------ DATA PROVIDED
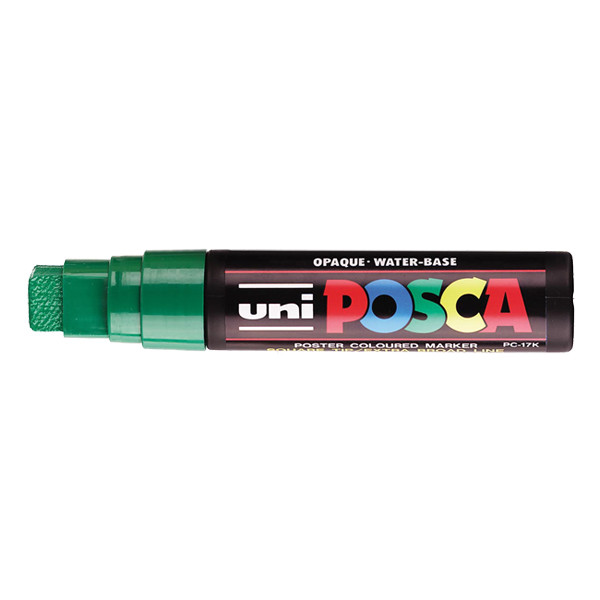 POSCA PC-17K Märkpenna 15mm mörkgrön rak PC17KV 424244 - 1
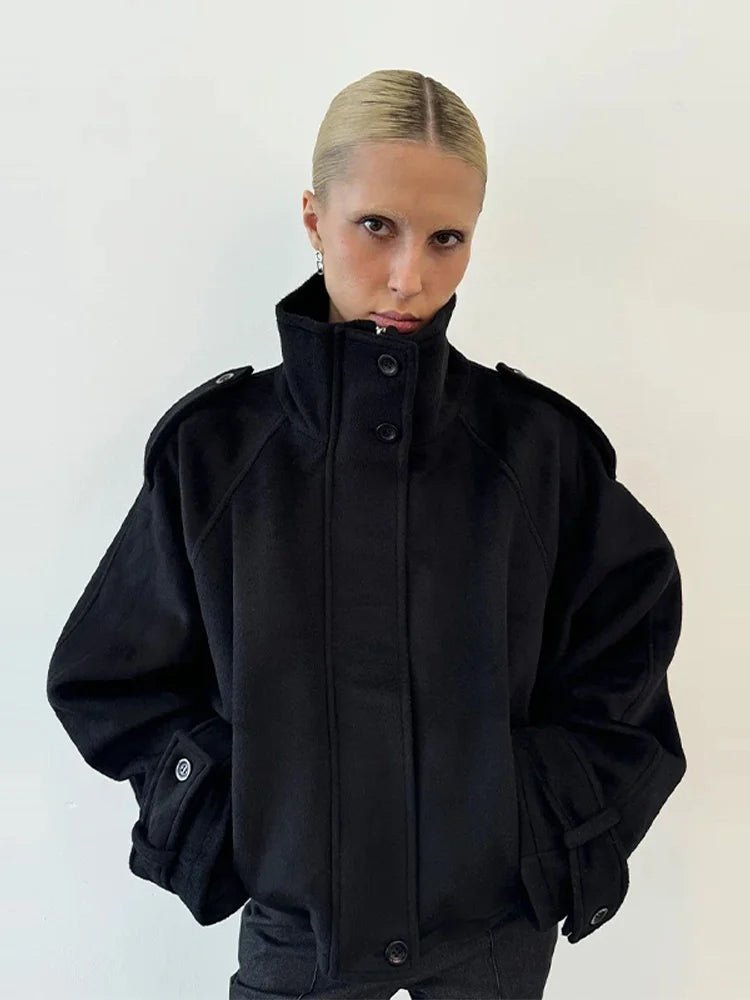 Fiona kort kåpe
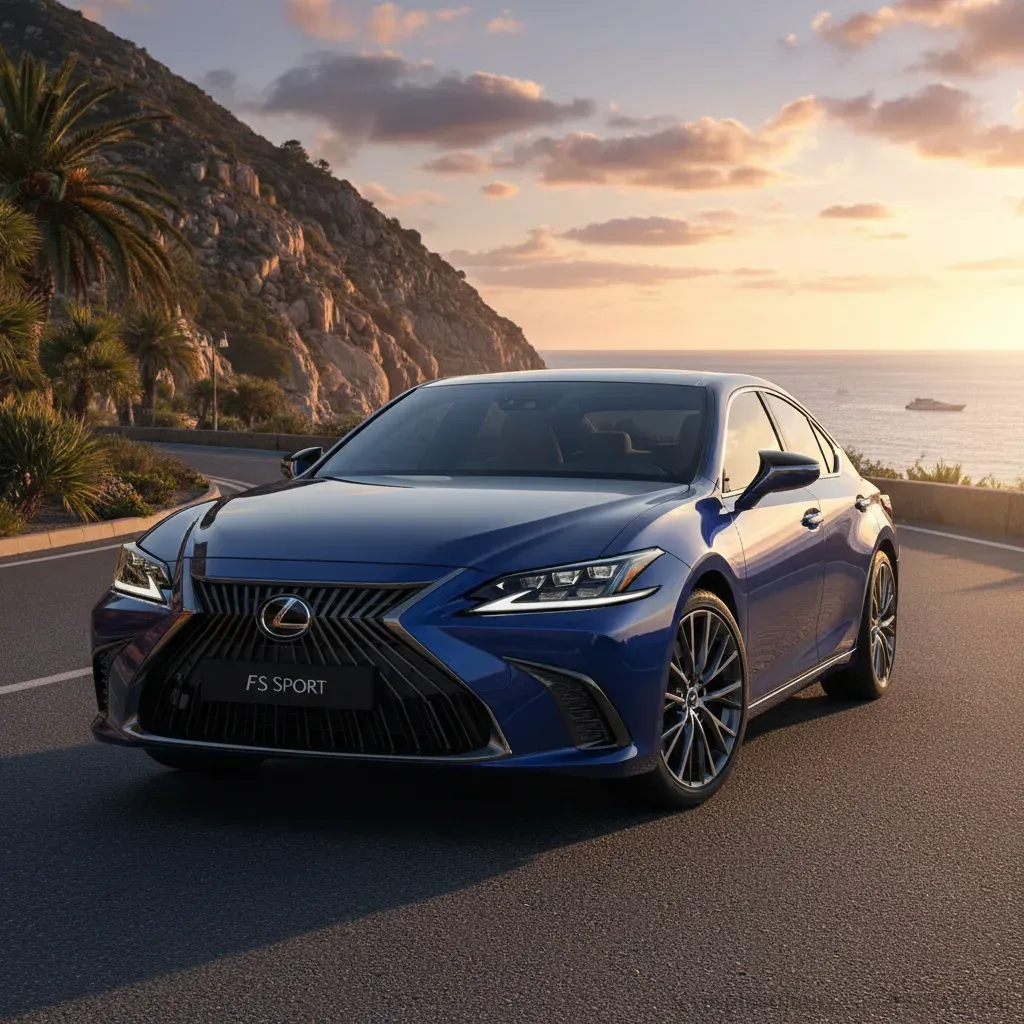 Lexus ES 250 F Sport 2026 với thiết kế ngoại thất thể thao v&agrave; mạnh mẽ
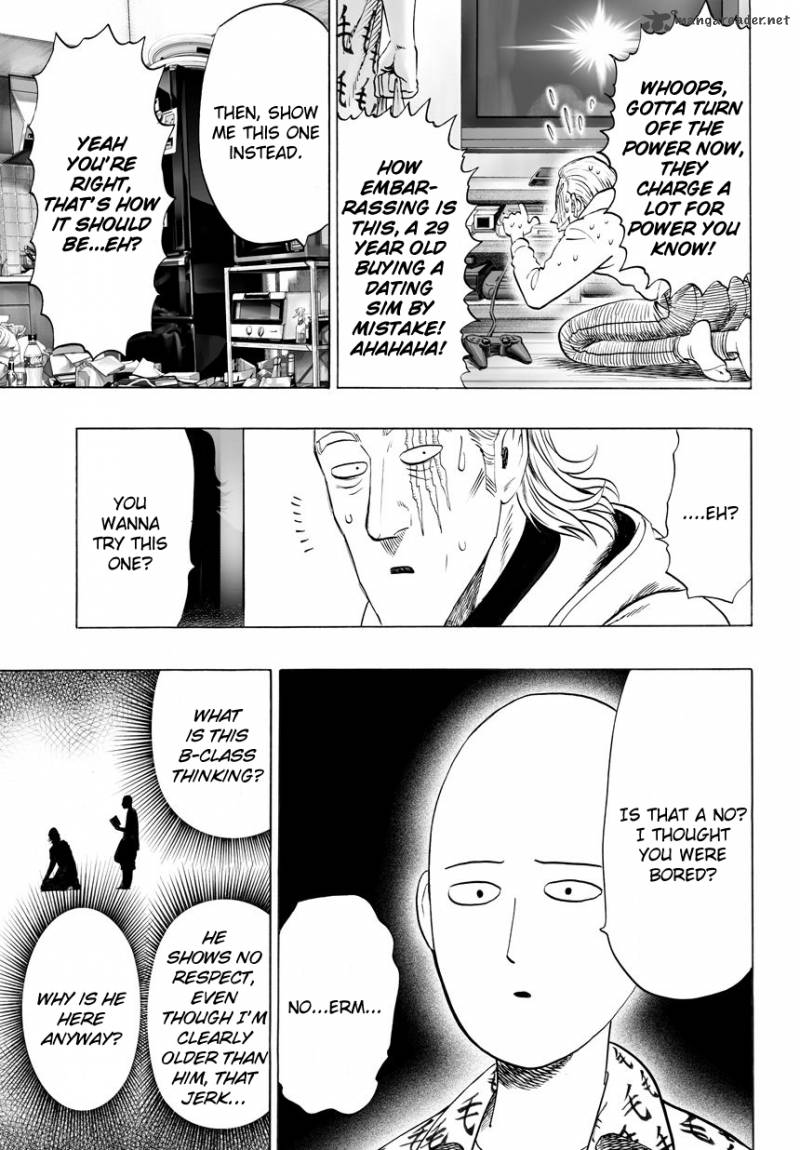 One Punch Man, onepunchman Chapter 54 - Page 7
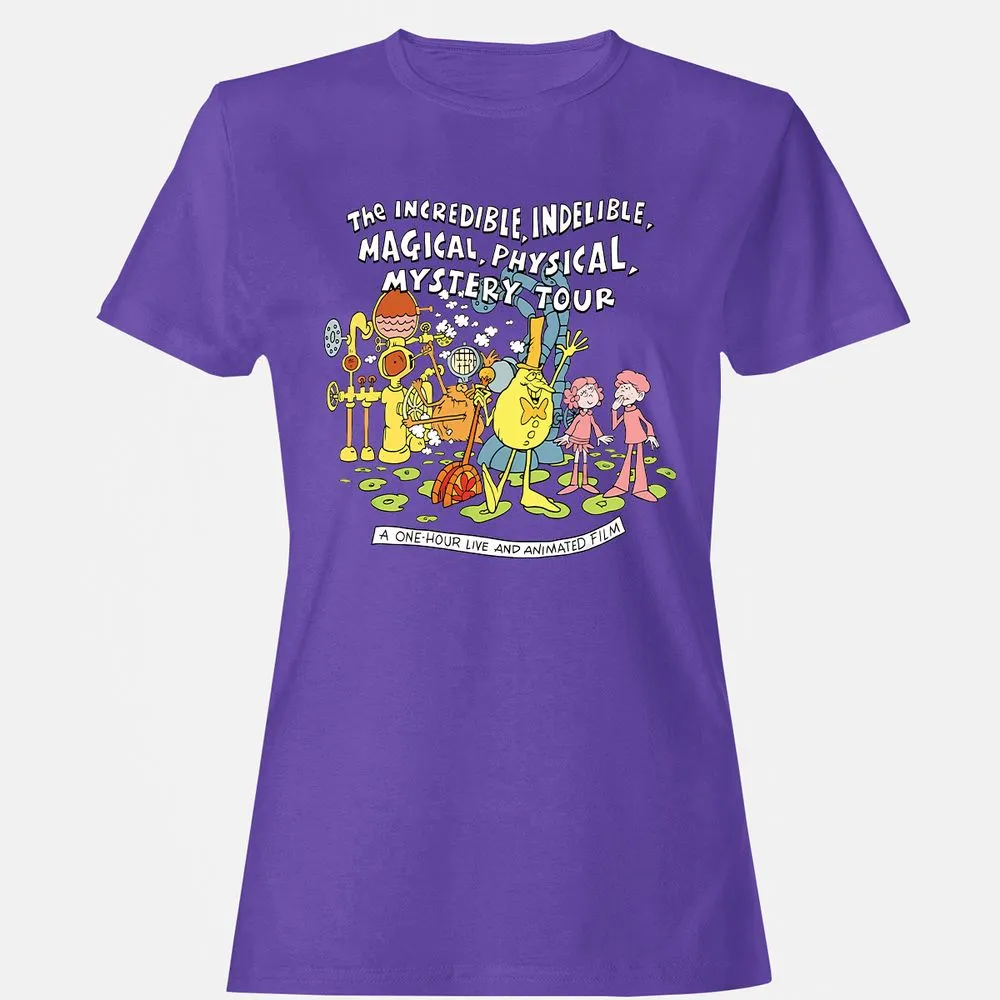 Women's T-Shirt - LQXR1VQR - Purple - 12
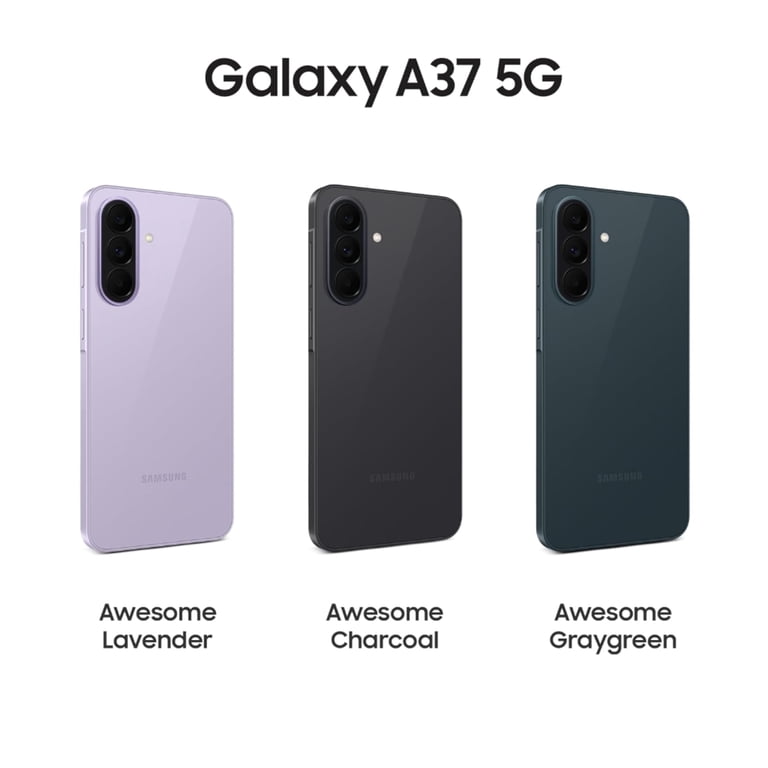 Samsung Galaxy A37 5G (128GB Storage, 8GB RAM) Ai Smartphone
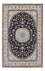 Tappeto Persero - Nain - Reale - 306 x 203 cm - nero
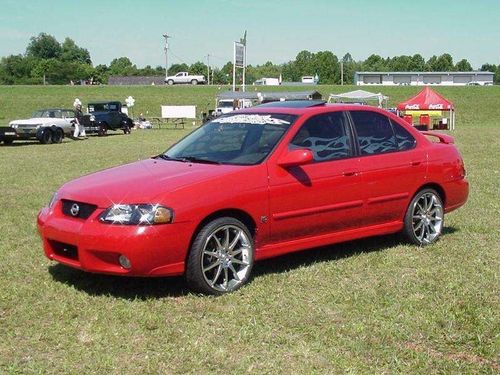 2002 Nissan Sentra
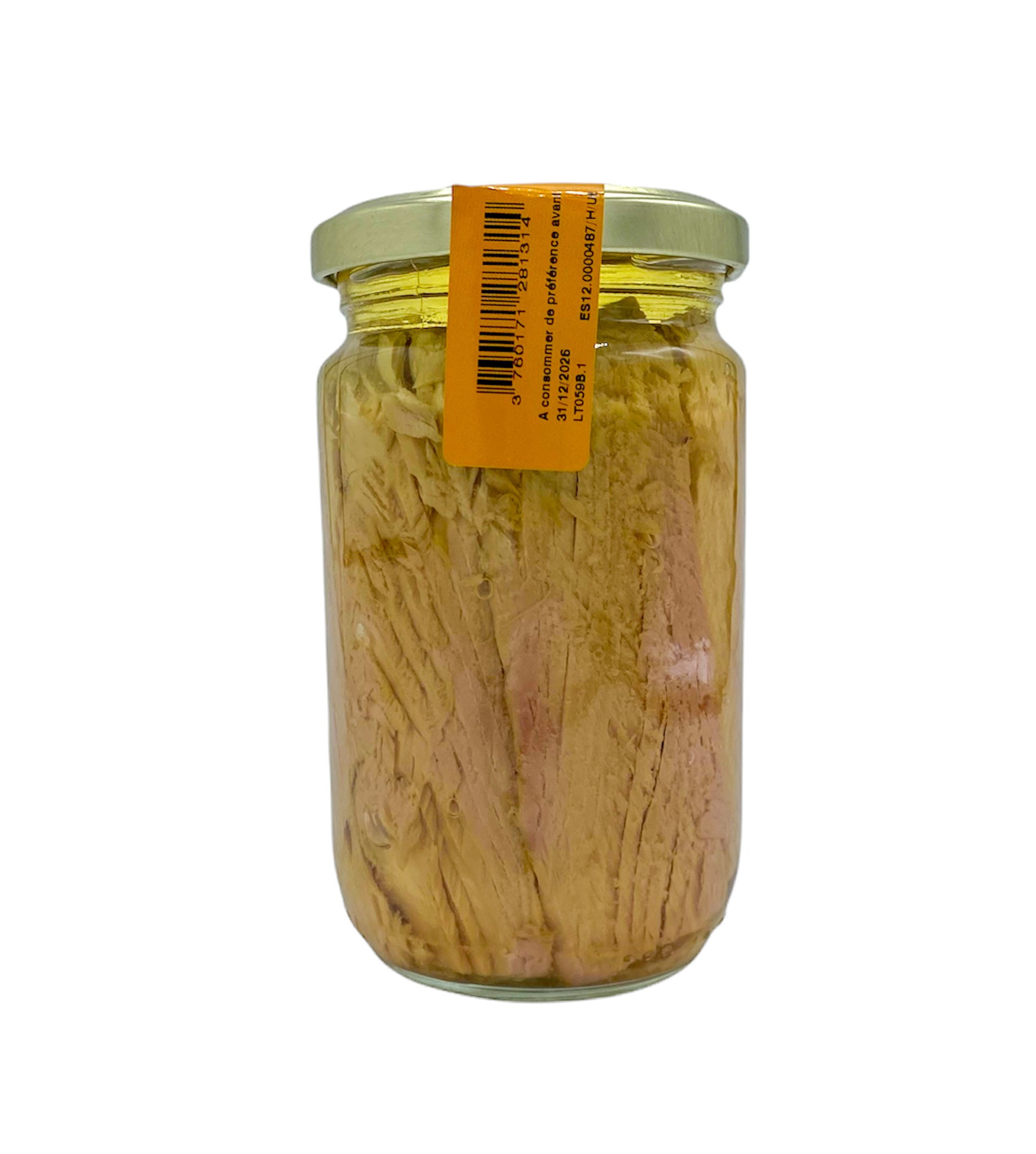 tuna fillets under oil olive 300 gr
------------
▶ **THE PROBLEM**:
When you reach the line containing "Women's T-Shirt - LQXR1VQR - Purple - 12" in the entries above, please retype it and each line after it through the last one, exactly, without the pictures.

▶ **RESPONSE BELOW**:
 Women's T-Shirt - LQXR1VQR - Purple - 12
 Samsung Galaxy A37 5G (128GB Storage, 8GB RAM) Ai Smartphone
 Tappeto Persero - Nain - Reale - 306 x 203 cm - nero
 2002 Nissan Sentra
 tuna fillets under oil olive 300 gr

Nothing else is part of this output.